From the day she received her RA diagnosis, the Arthritis Foundation became Sandi’s strongest ally. As a volunteer, she was on hand for the first Birmingham Jingle Bell Run, and over the years served both the local and national Arthritis Foundation offices in a variety of leadership positions. At the end of 1999, when it became obvious that RA was not going to allow her work much longer, she retired from the company she had worked for most of her adult life to join the Alabama Chapter of the Arthritis Foundation as director of public health and advocacy. It was supposed to be a part-time position, but that lasted only two or three months. She retired from the Arthritis Foundation in 2008 as chapter president, and is now happily a volunteer again, serving on the current leadership board from its inception. Thanks to critical arthritis research in development of the amazing biologic drugs, Sandi is healthier and more active now than she’s been in decades.



 
Cooper Wallace
Youth Honoree 


Cooper is now eleven years old. He was diagnosed with pauciarticular juvenile idiopathic arthritis (JIA) when he was seven years old. He had a major inflammatory event when he was five years old. The skin on the inside of his hands and feet peeled off. He ran a fever for a month and was hospitalized for a very swollen lymph node, photophobia and an elevated erythrocyte sedimentation rate and C-reactive protein. It was then that he met his rheumatologist who began testing for JIA. Since then his symptoms have included knee and ankle pain with running and walking long distances. He has extreme difficulty with fine motor skills, especially writing. Something as simple as writing a list of spelling words can be very stressful and bring lots of tears and frustration.

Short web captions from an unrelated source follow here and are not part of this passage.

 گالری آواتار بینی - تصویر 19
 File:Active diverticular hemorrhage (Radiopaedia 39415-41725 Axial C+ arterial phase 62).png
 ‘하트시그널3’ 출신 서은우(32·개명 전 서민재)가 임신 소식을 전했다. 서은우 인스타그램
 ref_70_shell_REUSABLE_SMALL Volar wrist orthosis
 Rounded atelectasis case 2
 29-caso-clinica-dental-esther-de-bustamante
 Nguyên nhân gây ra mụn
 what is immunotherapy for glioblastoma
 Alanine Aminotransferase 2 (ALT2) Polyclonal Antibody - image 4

We are very grateful for ongoing research and for medications that are effective in diminishing Cooper’s daily struggles and protecting his joints from permanent damage. He has learned to be quite tough in dealing with regular blood draws, MRI’s, IV’s, doctor visits and physical and occupational therapy. We are fortunate to have wonderful medical care at Children’s of Alabama and are grateful to have a pediatric rheumatology group in our home city.

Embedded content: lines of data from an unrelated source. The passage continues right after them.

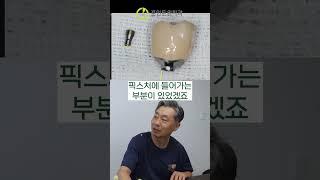 이제는 임플란트 수리의 시대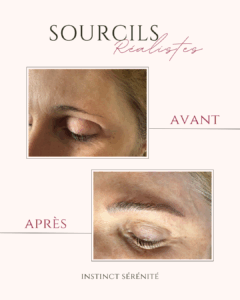 avant après dermo pigmentation
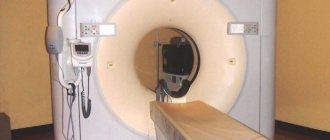 How MRI and other types of brain studies are done (9 photos)
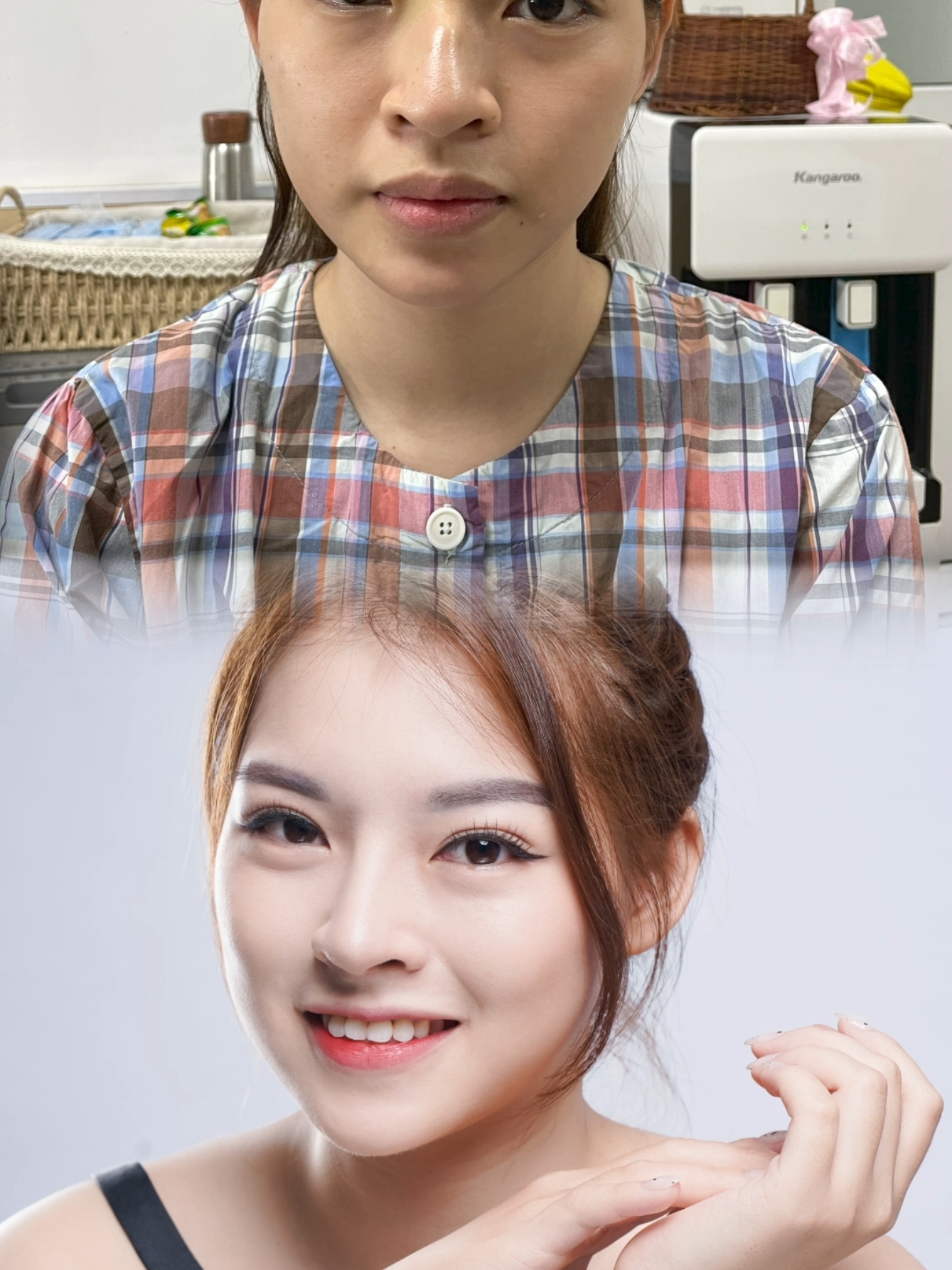 Xử lí mũi gồ cho chị đẹp Quỳnh Anh #nangmuiso1mienbac #tiensithammyTongHai #thammynhuhoa #nangmui 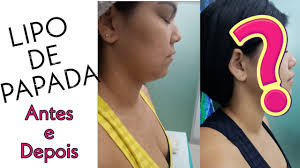 Lipo Papada Precio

Thanks to effective medications, most kids with JIA look healthy. However, this can cause a great deal of frustration. Teachers, coaches and peers often don't understand that kids with JIA are unable to meet expectations that are standard for healthier children. Cooper, like other kids with his disease, has tried multiple sports and activities that have left him feeling defeated. We have worked hard to help him find confidence in what he can do on his own. He finds great joy in literature, writing, swimming, legos and playing with friends. We have learned to advocate for him with teachers and to ask for accommodations, so that school has become less stressful.

Cooper’s weekly regimen includes several sessions of pool therapy, an oral DNA inhibitor and a biologic shot. Without our insurance coverage, his monthly medications would cost $4,500. He starts his school days with a hot bath to loosen his joints and medications to reduce and inhibit inflammation, and to treat the side effects of his compromised immune system. He has missed 117 days of school in the past three years due to rainy days when his pain could not be controlled or due to a residual illnesses brought on by his compromised immune system. Parents of kids with JIA require very understanding school administrators, nurses and teachers to help their kids thrive and keep up with the curriculum.

Cooper spends a lot of time at Lakeshore Foundation where he swims and does recreational therapy. He has learned that everyone has “their thing” that they struggle with on a daily basis. Some kids have very visible physical disabilities. Others have invisible, emotional or mental challenges. But, he is lucky to understand at an early age that everyone has a struggle.